The moment anyone tells me they’re going skiing, I start to dislike them. This is because I’ve constructed my own imaginary version of a skiing holiday in my head: it involves a fistful of self-satisfied bastards called Dan and Izzy and Sam and Lucy sharing a chalet together, drinking wine while listening to Mark Ronson on Izzy’s iPod speakers, taking 15,000 photos of each other guffawing and pulling silly faces, and occasionally venturing outside to slide down a hill on a pair of glorified planks, at which point with any luck they hurtle headlong into a tree, snapping at least three limbs in the process, and the holiday ends with them lying on their back, twitching like a half-crushed spider, exposed shards of shinbone gleaming in the winter sun as they scream for an air ambulance at the top of their idiot lungs.

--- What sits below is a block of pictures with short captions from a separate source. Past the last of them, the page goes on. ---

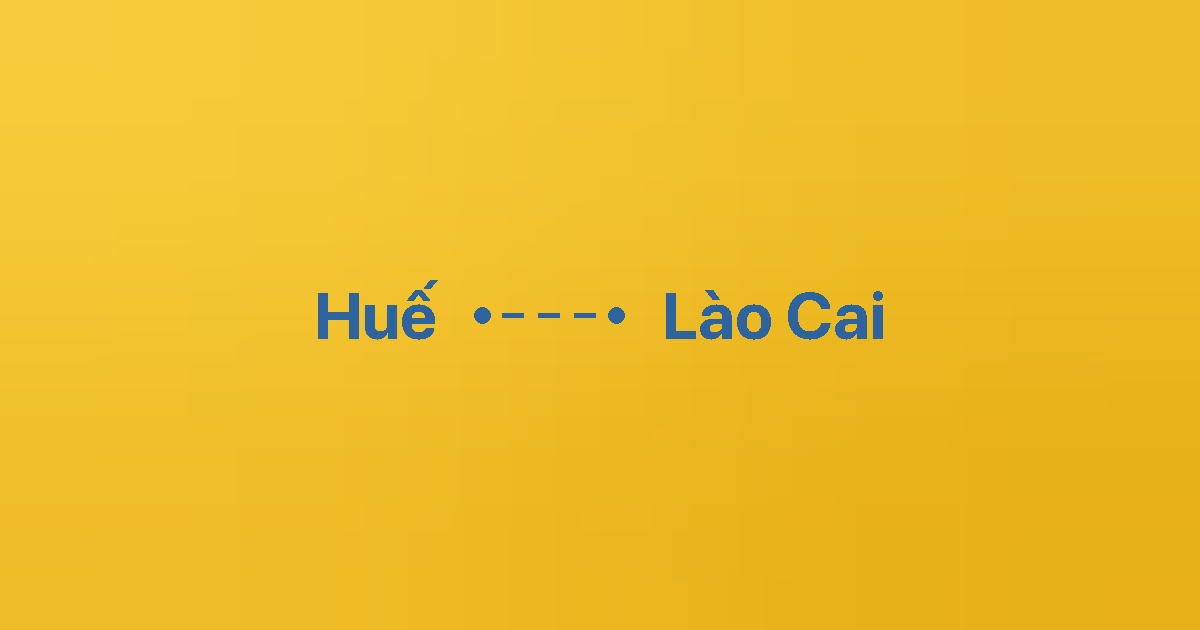 Xe ghép Huế Lào Cai 2 Xe ghép Huế Lào Cai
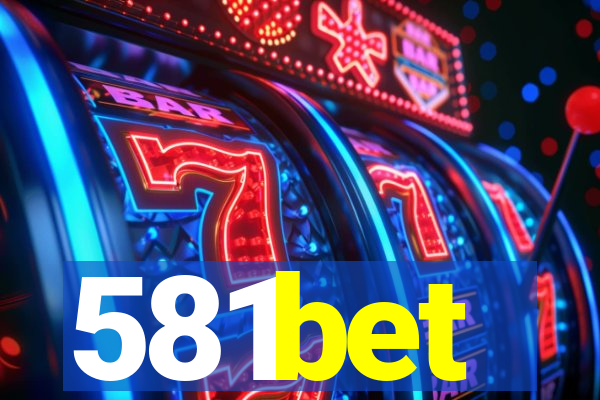 581bet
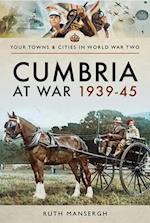 Cumbria at War, 1939-45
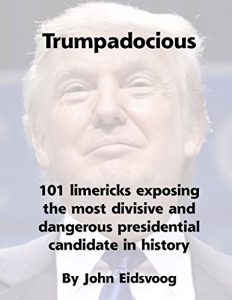 Baixar Trumpadocious: 101 limericks exposing the most divisive and dangerous presidential candidate in history (English Edition) pdf, epub, eBook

Did I mention that Charlie Brooker is right about everything?
I’m in a position where a frankly horrifying number of my friends seem to think that skiing is somehow a socially acceptable pastime, rather than an activity morally equivalent to grave robbing or fucking your nephew’s pet hamster to death (which is what it is).

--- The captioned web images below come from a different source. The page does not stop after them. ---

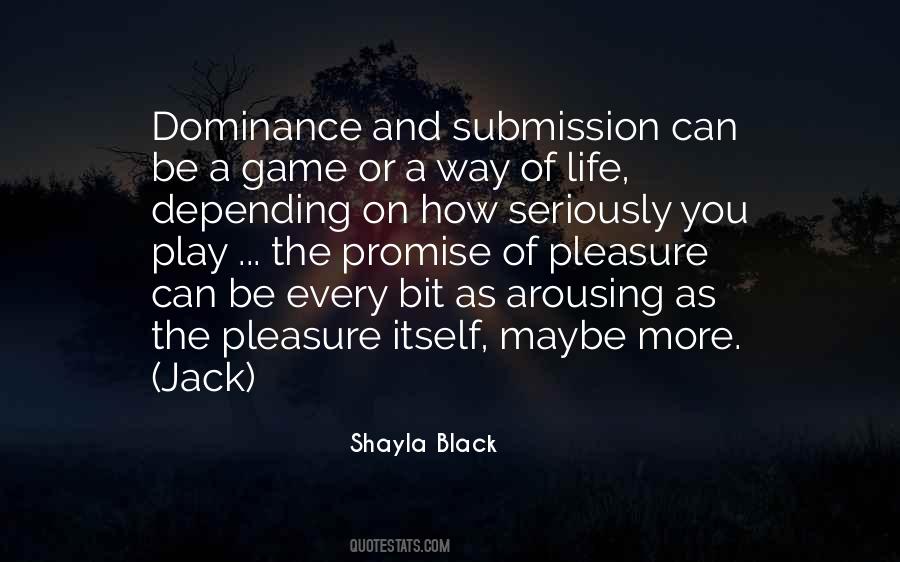 Submission Dominance Quotes #764301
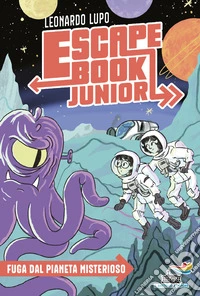 Fuga dal pianeta misterioso. Escape book junior. Vol. 4 libro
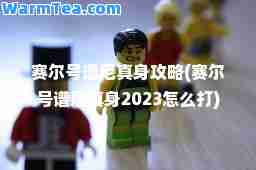 赛尔号谱尼真身攻略(赛尔号谱尼真身2023怎么打)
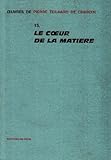 Oeuvres, Tome 13 : Le Coeur De La Mati%C3%A8re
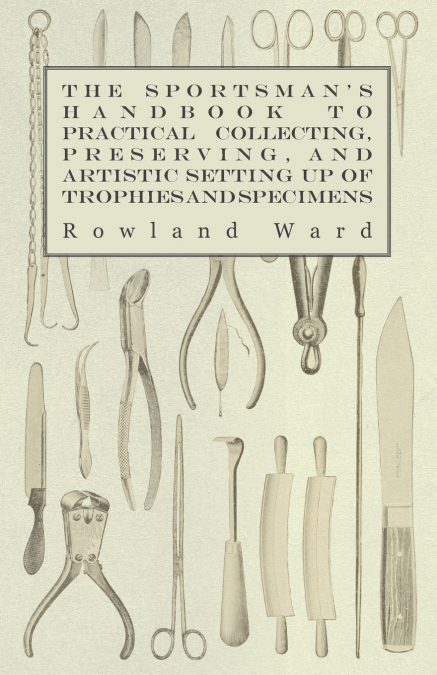 THE SPORTSMAN?S HANDBOOK TO PRACTICAL COLLECTING, PRESERVING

What’s even worse than their belief that a week-long bout of organised falling down a mountain somehow elevates them above lesser mortals is the six months of cretinous babble that leads up to every skiing holiday. People who I know are normally funny, charming, erudite individuals will turn, at the slightest provocation, into witless bores, drivelling on about entirely imaginary differences in snow quality, as though they were Olympic champions desperate to shave off that extra hundredth of a second from their personal best. Mass emails get sent round analysing every possible option in such military detail that you’d think they were setting off to explore an uncharted region of the Amazon, rather than popping over to France to be pampered for a week along with a few hundred other middle-class Brits in a resort devoted solely to ensuring that nothing unexpected or interesting could ever possibly happen to them. And never in this whole period does it occur to them that taking six months to prepare for an activity in which gravity does most of the work – both in pouring people down the hill, and pouring alcohol down their throats – is something that renders them largely unfit to be members of the human race, rather than something to be smug about.

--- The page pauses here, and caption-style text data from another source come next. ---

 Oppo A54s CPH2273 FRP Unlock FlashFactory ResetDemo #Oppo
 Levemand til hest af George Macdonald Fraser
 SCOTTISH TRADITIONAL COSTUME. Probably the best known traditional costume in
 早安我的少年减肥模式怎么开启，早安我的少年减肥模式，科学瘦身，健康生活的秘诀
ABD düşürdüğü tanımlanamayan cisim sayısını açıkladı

I am, of course, fully aware that any subject can come across as tedious and annoying when you’re the only person in a group who isn’t interested in it and everyone else is talking about it. Furthermore, I’m aware that this argument has, in fact, been made at length about football, something which I’ll happily talk about for hours on end, and which takes up an even larger amount of the year than skiing preparation does. But as a riposte, I’d like to point out that I’m right and other people are wrong.
So yeah. Skiing is shit, and I wish it would stop turning people I like into half-wits. Global warming, with all its glorious melting, can’t happen soon enough.